## EXERCISE DIRECTIONS:
From the records below, copy each line in which the string "objets" occurs.

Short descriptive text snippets
§
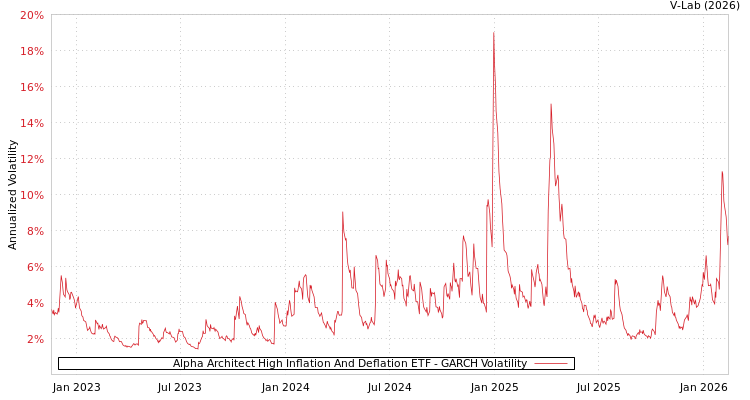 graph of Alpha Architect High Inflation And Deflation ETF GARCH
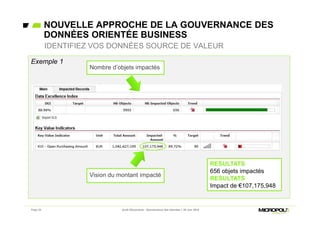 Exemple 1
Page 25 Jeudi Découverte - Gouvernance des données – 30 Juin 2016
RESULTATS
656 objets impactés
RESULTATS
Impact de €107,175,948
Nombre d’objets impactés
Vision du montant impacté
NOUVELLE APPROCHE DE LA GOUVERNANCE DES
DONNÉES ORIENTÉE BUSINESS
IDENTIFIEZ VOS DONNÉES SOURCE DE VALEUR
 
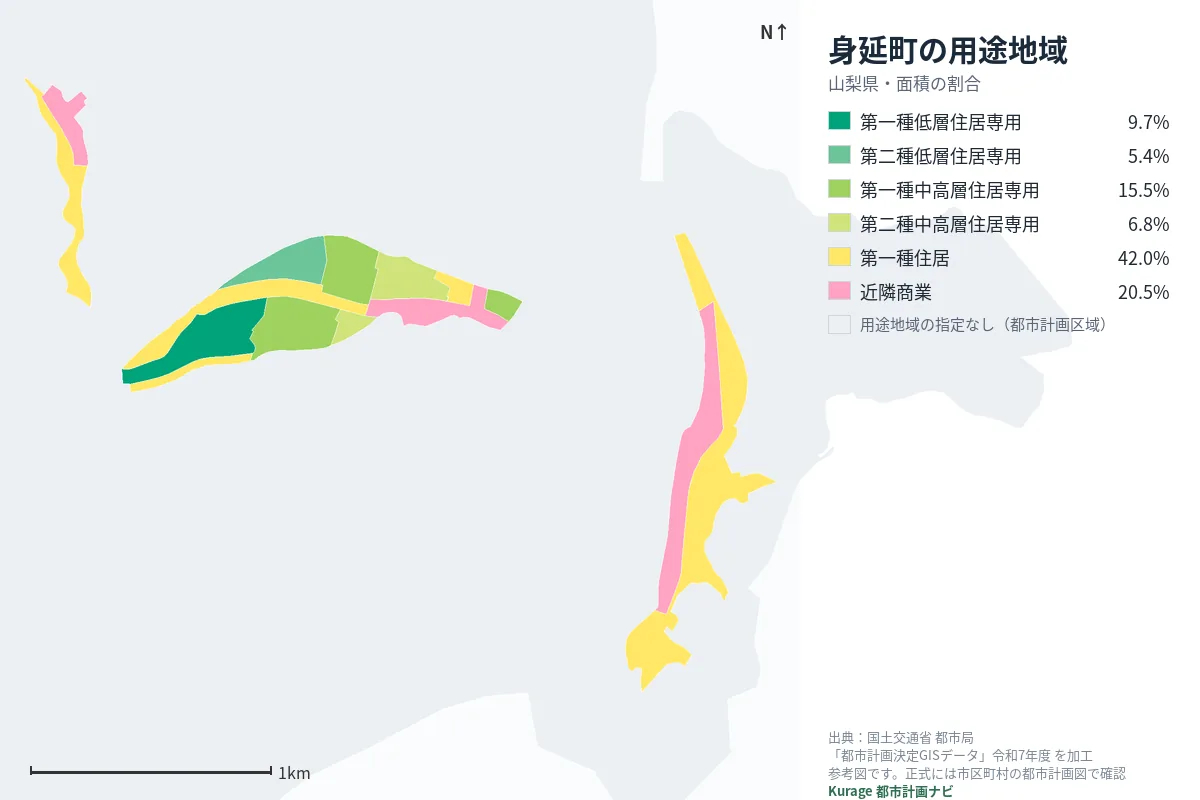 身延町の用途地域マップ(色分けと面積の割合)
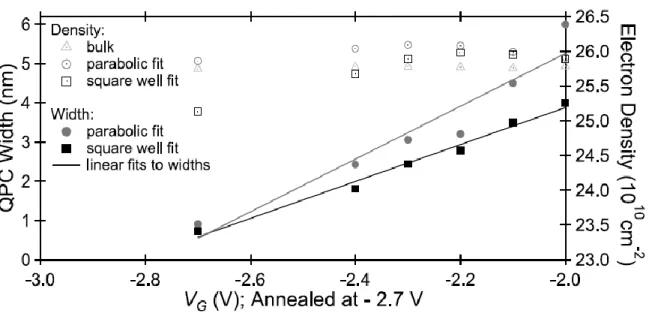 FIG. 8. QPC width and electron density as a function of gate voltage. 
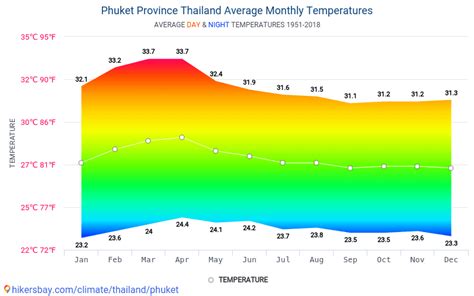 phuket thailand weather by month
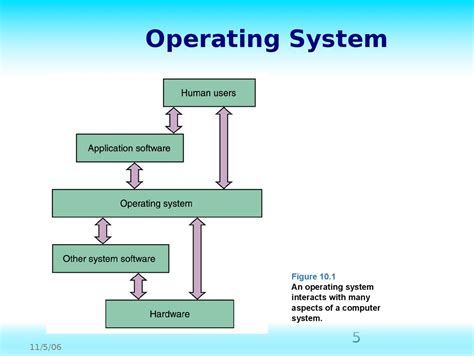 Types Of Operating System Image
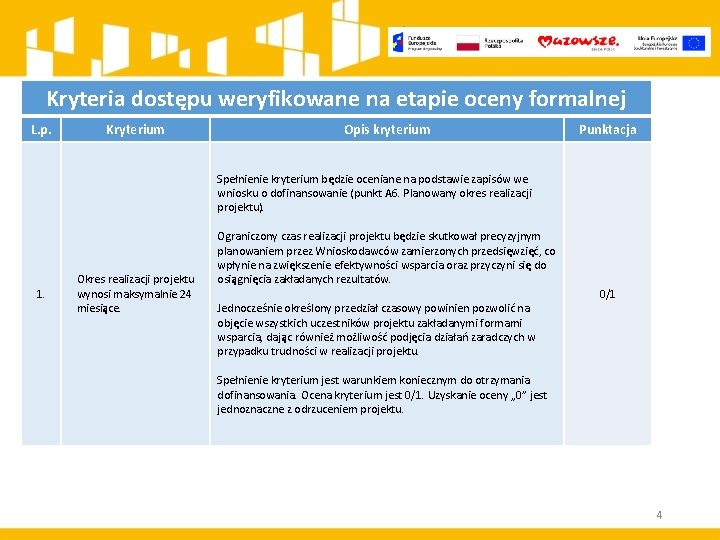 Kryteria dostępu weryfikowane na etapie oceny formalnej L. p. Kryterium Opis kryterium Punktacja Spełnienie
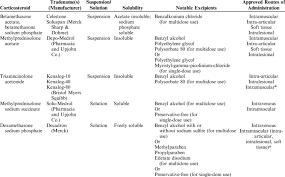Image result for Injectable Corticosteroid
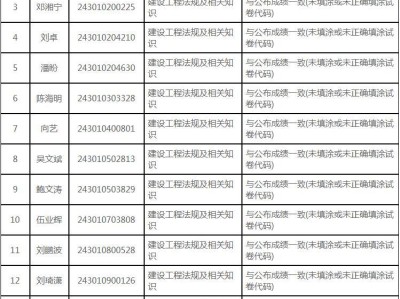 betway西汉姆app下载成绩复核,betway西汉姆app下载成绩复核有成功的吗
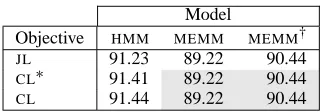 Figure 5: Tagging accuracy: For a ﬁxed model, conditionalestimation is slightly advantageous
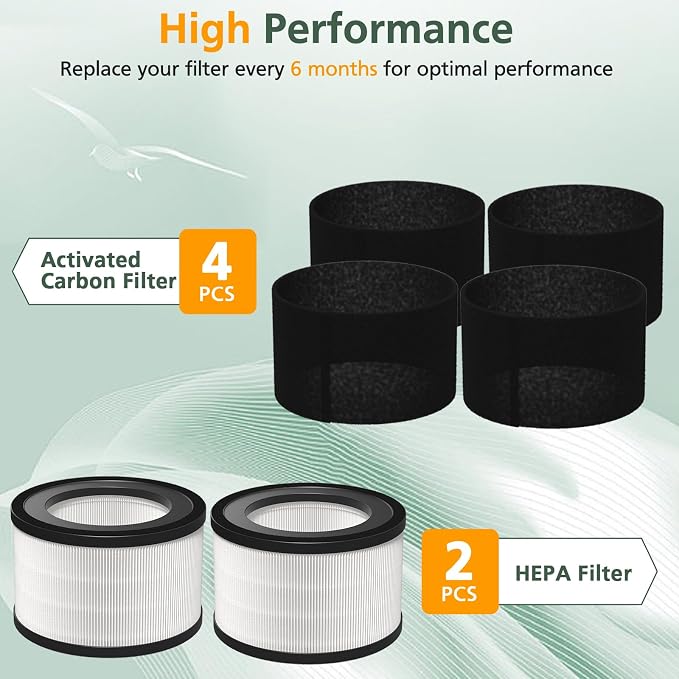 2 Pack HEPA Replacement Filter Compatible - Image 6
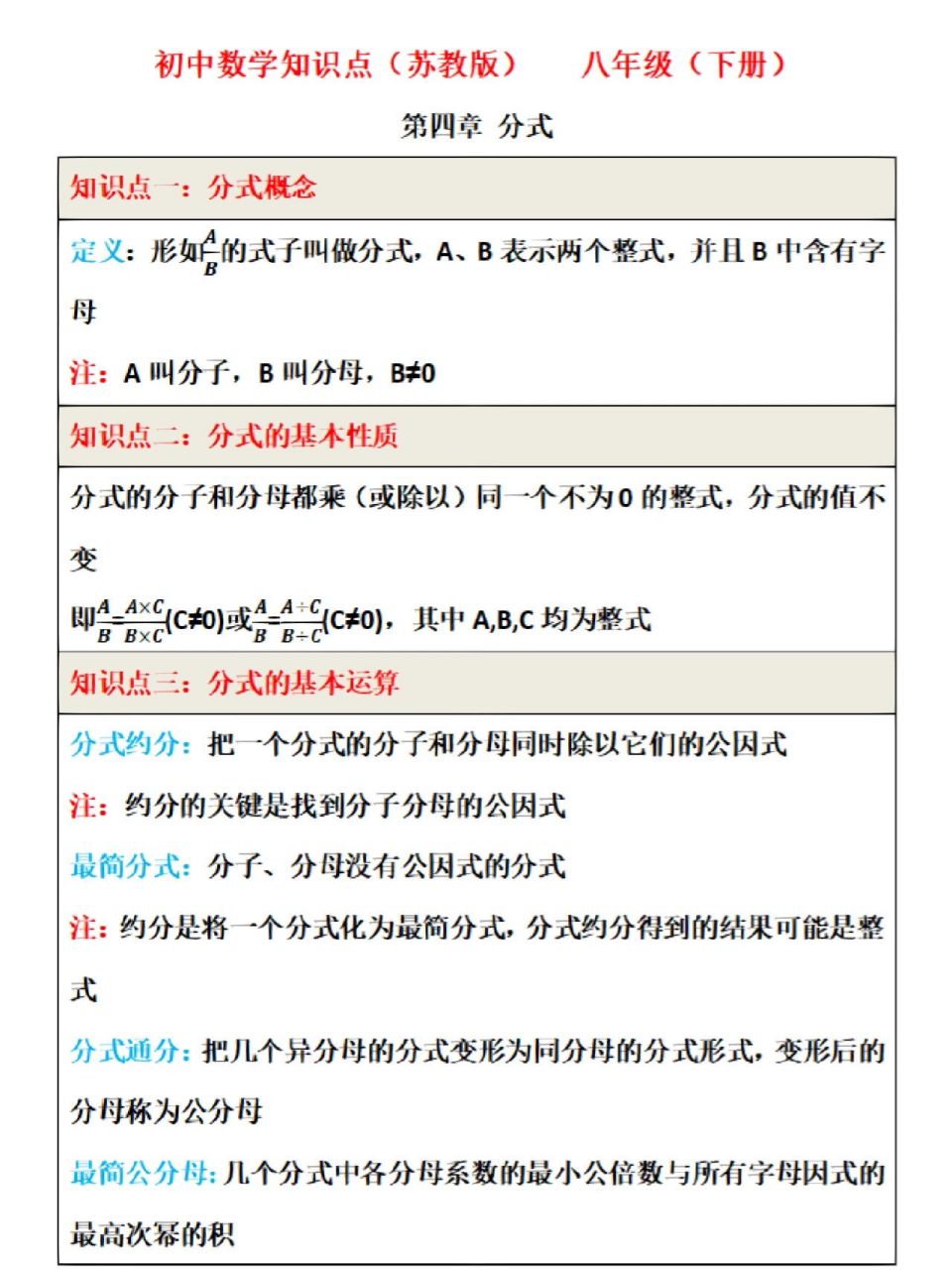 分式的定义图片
§
## ANSWER FOR THE TASK:
656 objets impactés
Nombre d’objets impactés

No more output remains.